> **PROBLEM STATEMENT**
Go to the line containing "Long hair chihuahua" and retype it and every later line exactly as written, up to the last line of the entries. Keep pictures out.

[Data extracted from a collection]
────────
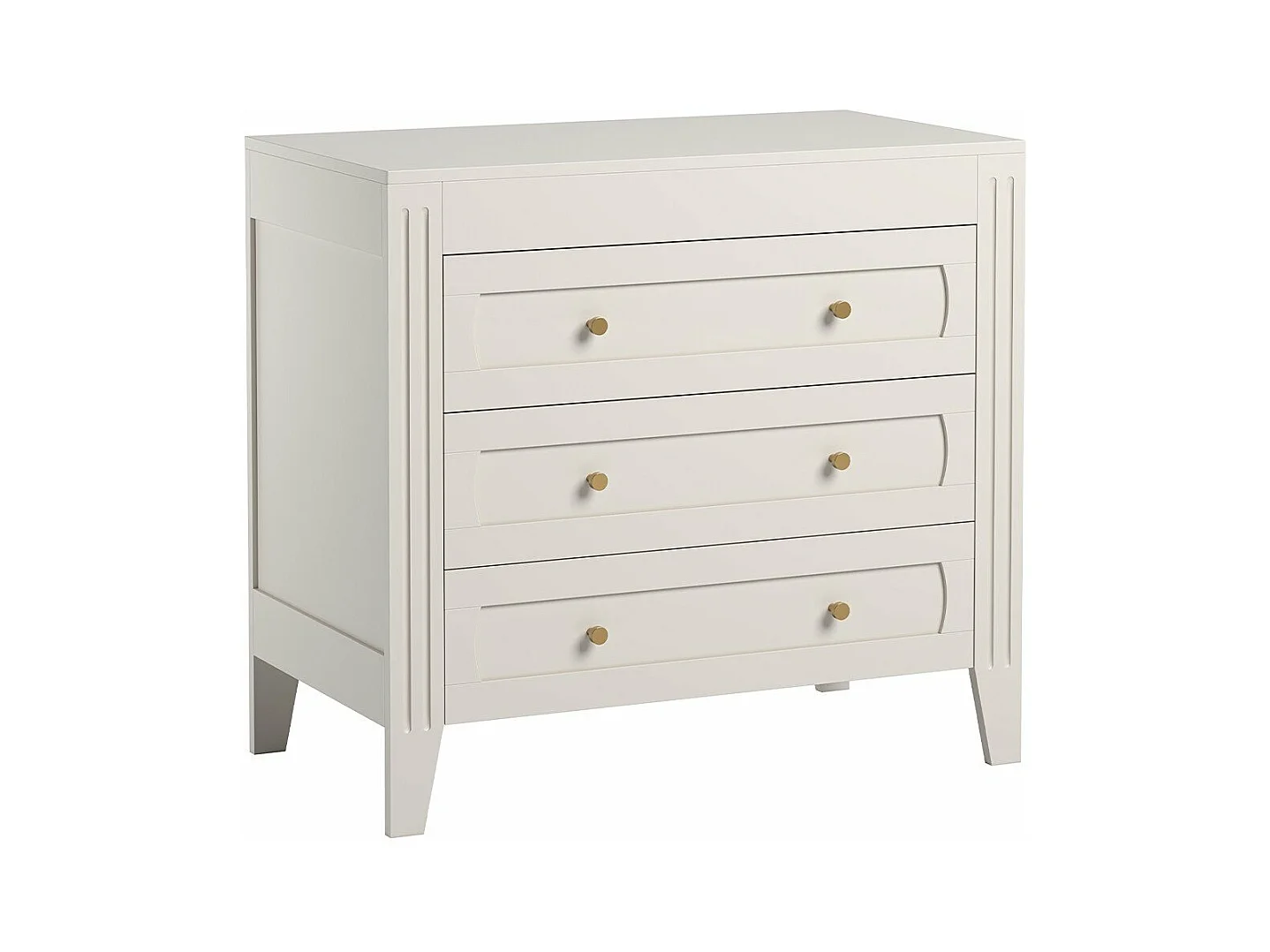 Commode 3 Tiroirs avec Moulures L100 x H92cm - Milenne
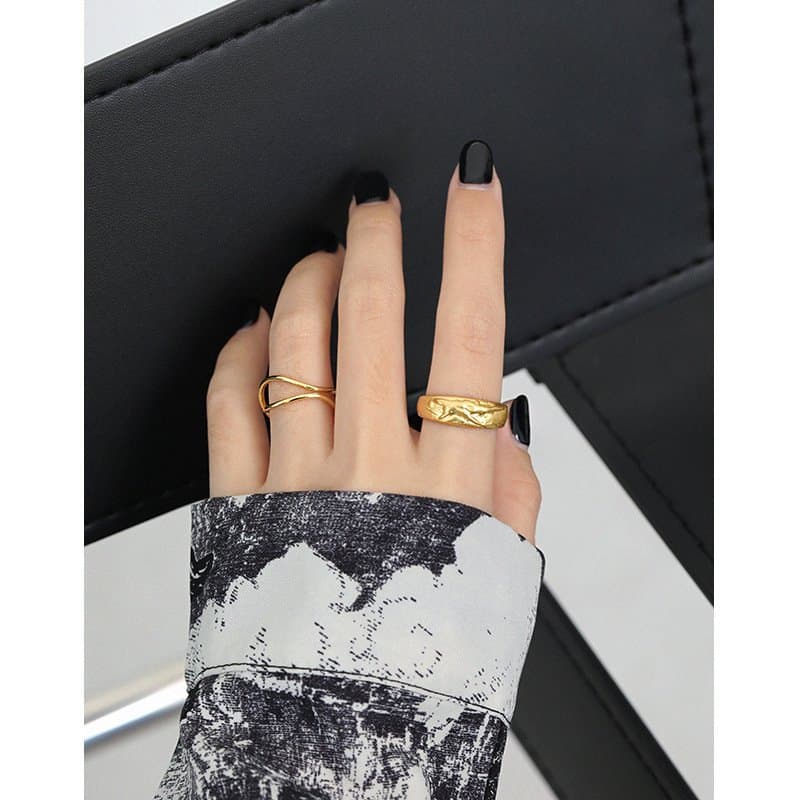 Double Layers Cross 925 Sterling Silver Adjustable Ring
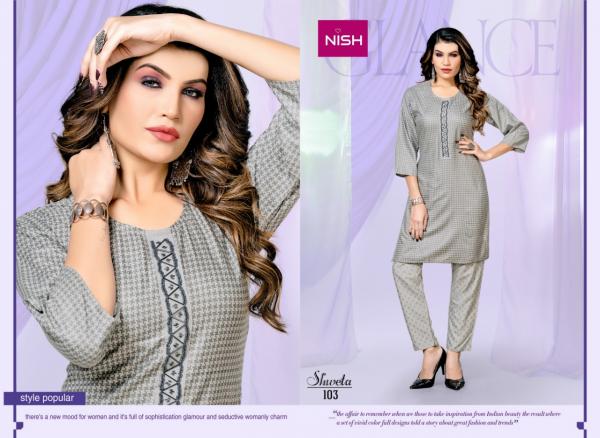 Nish Shweta Rayon Slub Designer Kurti Pent Collection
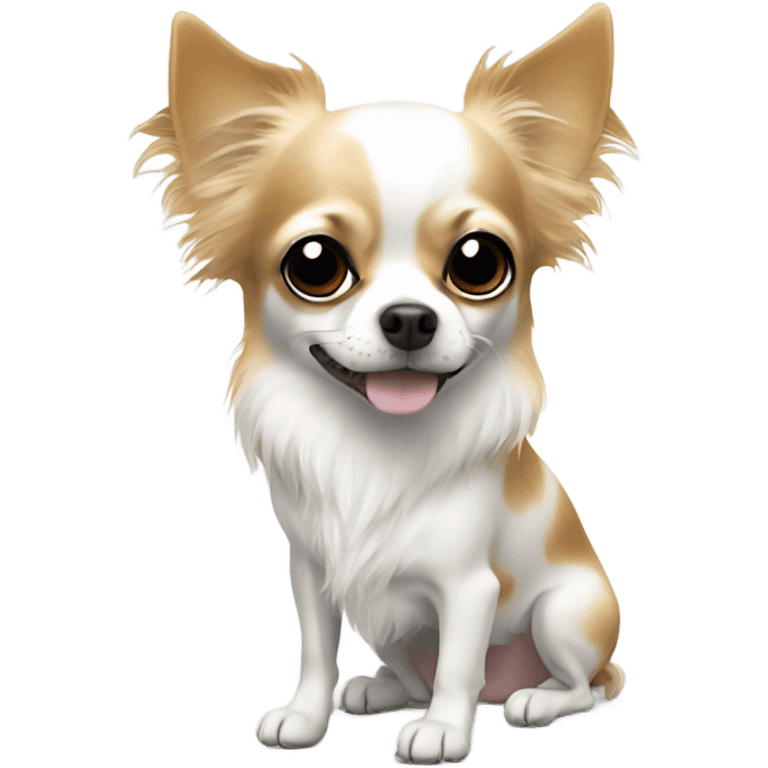 Long hair chihuahua white with black spots emoji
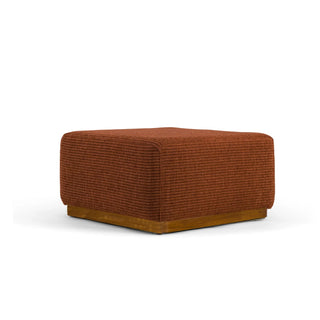 Rotondo Puff Module Olive Green Corduroy, Wooden Base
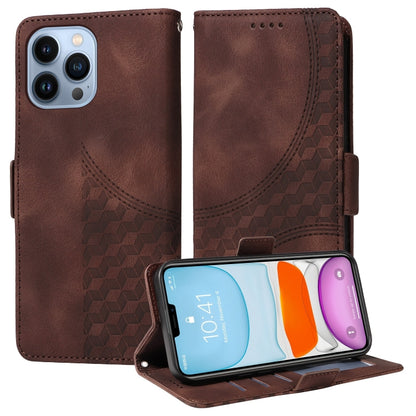 Embossed Rhombus Starry Leather Phone Case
────────
> **ANSWER**
 Long hair chihuahua white with black spots emoji
 Rotondo Puff Module Olive Green Corduroy, Wooden Base
 Embossed Rhombus Starry Leather Phone Case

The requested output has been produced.